In The Lottery, why did the lottery originally start for this town? If possible, cite the exact line from the story.  Explain both why it started and why they kept it going for so long. What does...

In The Lottery, why did the lottery originally start for this town? If possible, cite the exact line from the story.  Explain both why it started and why they kept it going for so long. What does it say about the townspeople and the ritual that black box seems to be the only remaining original item?

Expert Answers
Ashley Kannan eNotes educator| Certified Educator

Part of the beauty in Jackson's short story is that she does not give any direct reason as to why the ritual takes place.  If she did, then it would contextualize the story.  It would remove its impact if she provided an explanation, a way for the reader to distance themselves from the narrative.  She simply presents the lottery as having happened for a long period of time, something that has been accepted by the townspeople.  It is only at the end when Tessie is savagely pummeled does the reader recognize the true horror of not questioning the world that exists around the individual.

The closest that Jackson comes to providing an explanation as to why the lottery takes place in the town is to suggest that it has become part of the rite of passage each year.  In the story's exposition, it is clear that the lottery is seen as a "civic activity," on the same level as "the square dances, the teen club, the Halloween program."  The first mention of tradition emerges when the black box is discussed:

The original paraphernalia for the lottery had been lost long ago, and the black box now resting on the stool had been put into use even before Old Man Warner, the oldest man in town, was born. Mr. Summers spoke frequently to the villagers about making a new box, but no one liked to upset even as much tradition as was represented by the black box.

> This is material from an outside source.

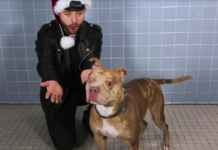 Magician Performs Tricks For Shelter Dogs, And They Don’t Know What To Believe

The wording is important.  Jackson suggested that "no one liked to upset even as much as tradition as was represented by the black box."  The black box has occupied a sense of importance in the town, almost like a relic whose presence cannot be disrupted.  This affirms the idea that the lottery was seen as a traditional aspect of being in the town, something that was embedded in town life and not to be dismantled lightly.  Such an idea is further confirmed when some idle chatter takes place concerning the possible abolition of the lottery:

“They do say,” Mr. Adams said to Old Man Warner, who stood next to him, “that over in the north village they’re talking of giving up the lottery. “

Old Man Warner snorted. “Pack of crazy fools,” he said. “Listening to the young folks, nothing’s good enough for them. Next thing you know, they’ll be wanting to go back to living in caves, nobody work any more, live hat way for a while. Used to be a saying about Lottery in June, corn be heavy soon. ‘ First thing you know, we’d all be eating stewed chickweed and acorns. There’s always been a lottery.”

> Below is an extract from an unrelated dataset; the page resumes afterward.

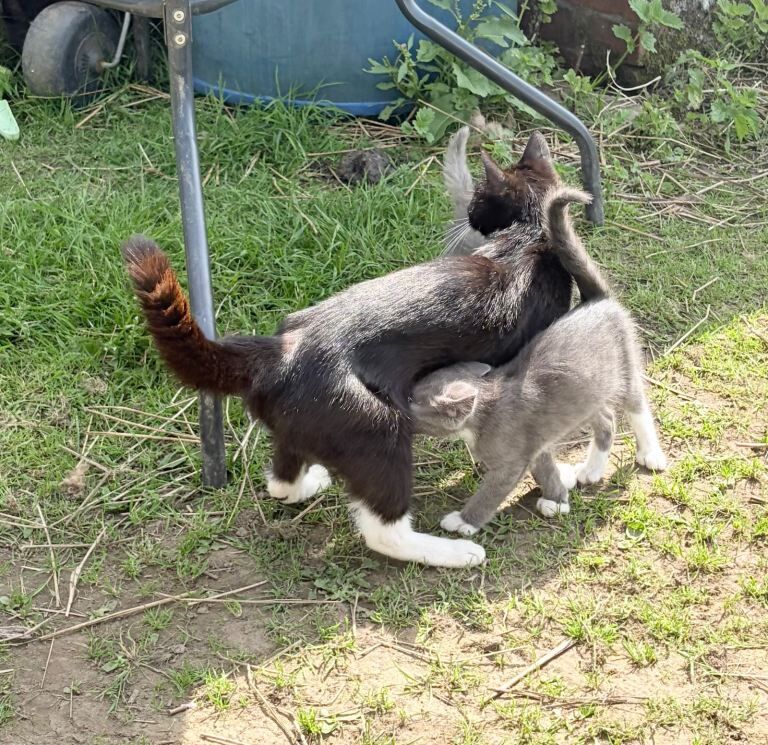 Kittens Maine Coon x Siamese x Snowshoe - Image 4 of 4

Old Man Warner, the senior member of the town, speaks to how the lottery started and why it has continued.  The prosperity of the town has been linked to the presence of the lottery.  Old Man Warner conveys the idea that the lottery was and is perceived as essential to the town's progress.  The fact he resoundingly states that "there's always been a lottery" speaks to the importance of the lottery in the minds of the townspeople.  They have sustained the tradition for so long because of fear of upsetting the town's progress and the fear for rejecting something that is so embedded as a part of the town's culture.  

The town's unwillingness to challenge the premise of the lottery speaks to how conformity is a powerful force within individuals.  No one in the town wants to change the conditions around them.  They lack the courage to speak out against the lottery, and are unwilling to change.  It is for this reason that the lottery has continued for so long.  The perception of the lottery as both linked to the town's prosperity is a justification as to continue it.  Jackson does not give a direct reason as to why it started.  However, when Tessie's last words speak to how the practice "isn't fair" and "it isn't right," it becomes clear that the need to target specific individuals in the form of a scapegoat represents a particular aspect behind why the lottery started in the first place.  The town's refusal to change or inability to forge the path to demonstrate what can or should be represents why the ritual started and why it continues.

In this film representation of The Lottery we can see the townsfolk discussing how the lottery has been a longstanding tradition.

rachellopez | Student

The lottery has a long history in this and surrounding towns. The people who run it—in this town, Mr. Summers and Mr. Graves—work hard to preserve the rituals that have been passed down from year to year.

It doesn't give an exact reason for why the lottery started, but it is said to be tradition. The townspeople didn't want to break the tradition, so it just continued to happen. The black box had been passed down and sort of represents the ritual of the lottery. It's been going on for so long, I assume it's the only thing left. 

In my opinion the lottery continues every year because of fear; fear of power and fear of tradition being broken, or change.